### Exercise aim:
Examine the records below. Report how many of their lines contain the word "Chic", with no other content.

### Material provided:
►

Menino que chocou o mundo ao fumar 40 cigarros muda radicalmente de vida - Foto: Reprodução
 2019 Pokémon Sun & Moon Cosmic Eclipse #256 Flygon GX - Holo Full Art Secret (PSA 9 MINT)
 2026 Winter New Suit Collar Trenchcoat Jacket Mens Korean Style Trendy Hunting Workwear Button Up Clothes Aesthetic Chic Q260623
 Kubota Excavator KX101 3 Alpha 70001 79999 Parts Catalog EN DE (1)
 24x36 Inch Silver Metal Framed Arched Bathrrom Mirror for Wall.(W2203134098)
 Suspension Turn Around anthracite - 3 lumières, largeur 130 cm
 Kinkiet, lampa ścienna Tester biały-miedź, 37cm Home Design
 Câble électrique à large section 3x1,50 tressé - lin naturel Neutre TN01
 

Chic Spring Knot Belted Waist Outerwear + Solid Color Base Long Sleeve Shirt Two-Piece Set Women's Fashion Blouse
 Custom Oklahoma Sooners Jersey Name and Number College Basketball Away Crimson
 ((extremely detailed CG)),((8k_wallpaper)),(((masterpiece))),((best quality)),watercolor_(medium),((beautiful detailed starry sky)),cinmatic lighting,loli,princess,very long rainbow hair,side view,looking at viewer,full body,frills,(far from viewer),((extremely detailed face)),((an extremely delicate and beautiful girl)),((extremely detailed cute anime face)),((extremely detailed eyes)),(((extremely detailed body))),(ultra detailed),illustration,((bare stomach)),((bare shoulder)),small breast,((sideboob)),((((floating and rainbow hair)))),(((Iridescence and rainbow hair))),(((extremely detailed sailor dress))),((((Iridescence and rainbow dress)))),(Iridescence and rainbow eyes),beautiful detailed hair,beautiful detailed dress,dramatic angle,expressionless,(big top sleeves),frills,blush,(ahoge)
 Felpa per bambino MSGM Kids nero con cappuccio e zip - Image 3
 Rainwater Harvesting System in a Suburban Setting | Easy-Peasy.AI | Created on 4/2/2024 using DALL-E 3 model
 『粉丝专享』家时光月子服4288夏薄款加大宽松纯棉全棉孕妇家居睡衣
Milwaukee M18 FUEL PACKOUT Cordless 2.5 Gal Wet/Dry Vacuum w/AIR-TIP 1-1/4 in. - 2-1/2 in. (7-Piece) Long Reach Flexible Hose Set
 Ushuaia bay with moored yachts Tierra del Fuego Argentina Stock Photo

◄

### Solution:
2